Cuatro metros de altura, 70 torres de vigilancia y 41 puntos de acceso a lo largo de 164 kilómetros. Ese es el proyecto de reja fronteriza que el presidente de República Dominicana, Luis Abinader, dice que va a detener la migración irregular y el contrabando desde Haití hacia su país.

Las noticias de endebles embarcaciones llenas de haitianos intentando alcanzar por mar las Bahamas o Estados Unidos no dejan de llegar a las salas de redacción, tiempo después de que, durante varios años, vuelos directos entre Puerto Príncipe y Santiago de Chile transportaran a familias completas desde el norte al extremo sur del planeta, en un desusado movimiento migratorio.

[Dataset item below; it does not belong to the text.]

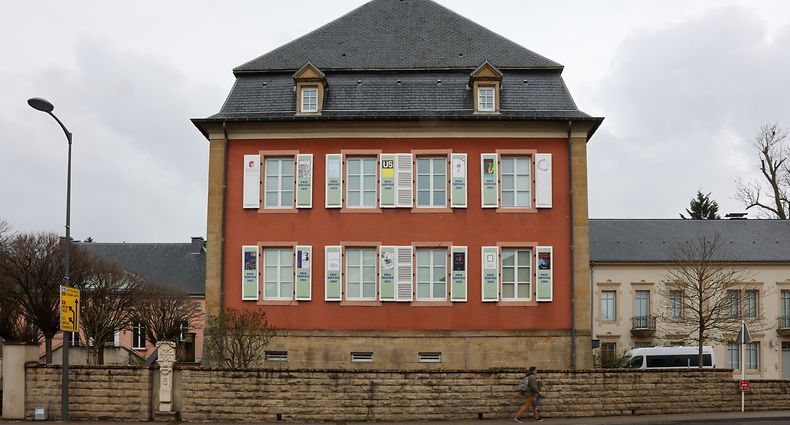 Buchtitel schmücken während eines Jahres die Fensterläden des Servais-Hauses in Mersch.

Haití es el país más pobre de América. Un 60 por ciento de su población vive bajo la línea de la pobreza. Según el Banco Mundial, la tasa de desempleo en el país es del 15,5 por ciento, aunque todos asumen que es muchísimo más alta.

Las bandas delictivas se han apoderado de los barrios, el presidente Jovenel Moïse fue asesinado en un extrañísimo incidente y el país, sumido en protestas por alzas de precios e incapaz de reponerse de terremotos, huracanes y brotes de cólera, dista de ofrecer perspectivas a sus once millones de habitantes. En ese contexto, muchos miraron hacia el sur del mundo buscando una ilusión.

Dicen que fue por la buena imagen que dejó el Batallón Chile, que entre 2004 y 2017 formó parte de la Operación de Paz de Naciones Unidas en Haití. Sus soldados construyeron una escuela, trabajaron en diversas acciones solidarias, patrullaron Puerto Príncipe y Cabo Haitiano.

Otros estiman que se debió a la buena situación económica del país sudamericano, que suscitó una primera oleada que logró establecerse y generó un efecto llamada.